Jonathan Lethem semble avoir abandonné la science-fiction pour un type de roman monstre, ample, complexe, le genre que l'on voit fréquemment dans la littérature américaine dont l'ambition déraisonnablement illimitée décourage les tentatives de résumé.
Si on nous vend une histoire alternative de l'Amérique des années 50 à nos jours, celle de la gauche révolutionnaire à travers une chronique familiale qui embrasse trois générations, ce roman est bien plus que cela.
L'auteur nous offre une méditation fictive pleine de sarcasmes et d'amertume sur le visage changeant de l'activisme américain, ses échecs, ses désillusions, les obstacles qui font barrières à l'utopie ouvrière. Au premier desquels, l'intime dans une ville comme New-York où l'anonymat pousse les habitants à vouloir exister, à faire de leur vie un théâtre.
À l'image de la matriarche Rose Zimmer qui, depuis son appartement de Sunnyside Gardens, cité-jardin à l'origine destinée à accueillir la classe ouvrière, jette ses inquisitoires féroces et ses paroles ardentes depuis son balcon au point de faire fuir Miriam, sa fille de seize ans. Mais elle n'a pas manqué de lui transmettre sa colère, même si elle est plus fan de Lennon que de Lénine et a remplacé la cigarette pour le LSD en adoptant la vie communautaire et le militantisme du Greenwich Village hippie.
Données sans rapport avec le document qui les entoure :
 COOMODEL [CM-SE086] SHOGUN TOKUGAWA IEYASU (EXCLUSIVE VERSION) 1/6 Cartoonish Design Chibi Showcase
Autour de ces femmes, toute une constellation de personnages, cyniques ou perplexes, qui refusent ou hésitent à s'engager lorsqu'ils constatent les tourments qui ont présidé à la vie de ces femmes.
Le sentiment qui domine, celui d'un auteur qui a voulu dresser un portrait accablant de ses personnages pour lesquels la lutte relève parfois plus du lifestyle que de la conviction lorsqu'ils ne se font pas floués, avalés par leur vie personnelle. À moins qu'il cherche à épingler leur optimisme, leur acharnement aveugle ? Difficile à dire même si le ton du livre suggère la première hypothèse puisque Rose est auréolée d'un légendaire activisme politique et social mais nous ne voyons pas grand-chose : beaucoup de discours, peu de réalisation.
Sans compter que la trame se complexifie au contact de personnages déchirés par des tensions sur leurs identités : face à leur judéité, leur héritage, leur noirceur, leur homosexualité, ils s'accrochent aux identités qu'ils se sont choisies : communiste, pacifiste, amante …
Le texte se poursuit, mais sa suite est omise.